GIF Created by Bronwen and Paul Lasky.
by Abigail Stephens and Keegan Engelking

The individual trapped in the screen to the left is Dr. Paul Lasky. Although I stated trapped, he voluntarily gave up his time at in Melbourne to videoconference with our 2017 SHSU BLAsT class at the CSIRO Astronomy and Space Sciences campus in Marsfield, NSW. This Monash University researcher is a member of the Australian Centre for Gravitational Wave Research (OzGrav), the LIGO Scientific Collaboration, and the Parkes Pulsar Timing Array. Today we traveled back in time to 1915 when Einstein presented his theory of gravity to the Prussian Academy, neatly explaining the orbit of Mercury and revolutionizing the way we think about gravity. Einstein presented what looked like a pretty simple field equation which solved some of the problems in the way gravity behaved and that couldn’t be fit by Newton’s theory. Einstein’s weird idea was supported in 1919 by Sir Arthur Eddington and colleagues, who observed bending starlight during the solar eclipse. In fact, this is something that our group is HOPING to witness in Casper, Wyoming, during the upcoming total eclipse. Despite looking simple, Einstein’s equation is so hard to comprehend that most physics departments do not even present it to university students until they are upperclassmen.

Lasky lectures on Lego LIGO laser light. Apparently to make a workable LIGO detector that would compress/stretch by a single Lego block, you would need to make its arms long enough to reach from here to the Galactic center. // Photo by Scott T. Miller
Now we traveled forward in time, and Dr. Lasky told us that without this equation we would not have advancements such as GPS, understanding neutron stars, and the discovery of black holes.

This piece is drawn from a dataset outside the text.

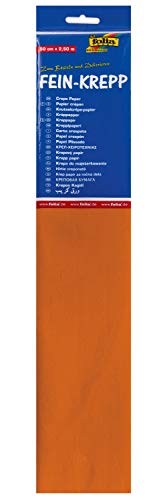folia 822109-10 - Krepppapier, 10 Lagen in hellrotorange... - Home & Kitchen Amazon Germany à 3.87€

Black holes were really where Lasky’s story took off. Like ducks swimming across a pond, black holes – and all masses, for that matter -  create ripples in spacetime.  These ripples can even be detected when something extreme happens, like two merging black holes. In fact this is what our gravitational wave ‘telescopes’ first detected in September 2015. The black holes in question were orbiting each other at about half the speed of light, (really freaking fast!). They merged within a fraction of a second, sending out these ripples we call gravitational waves. These black holes were about 30 times the size of our sun, and their merger released more energy than the rest of the universe combined during that fraction of a second. Seems easy to detect, right?

Wrong.

The infamous 'chirp' detected at both LIGO facilities. // from 'The Dawn of Gravitational Wave Astronomy' presentation, Paul Lasky
Meet LIGO! These two facilities detected the merging of the two black holes by using a highly sensitive laser. LIGO shoots a laser into a mirror down two “arms,” which then reflect the light back and scientists can measure how well the light waves match up after the return trip. When a gravitational wave rolls through, this stretches and compresses spacetime, so one arm’s laser will come back a bit earlier or later compared to the other. How much earlier or later? Well, the wave we “felt” changed the size of LIGO’s 4-km-long detection arms by one-thousandth the width of a proton… at which point the whole class went, “Whaa!?” This is due in part to the billion or so light years of distance between us and the merging black holes, and also to the fact that gravitational waves are so week. And since we can’t feel or measure this on our own, we need a large, highly sensitive machine like LIGO. With this technology, we can ride the wave to a future with better understanding of our universe.  Cowabunga Dude!

ABOUT (one of) THE AUTHORS:

My name is Abigail Stephens and I am a senior at Sam Houston State University with a major in Communication Studies and a minor in Family and Consumer Science. I chose to come on this study-abroad because I've always wanted to know more about astronomy, and this would be the most hands on I would ever get. Between comparing the skies in both hemispheres  and ending with a total solar eclipse, this is a bucket list trip!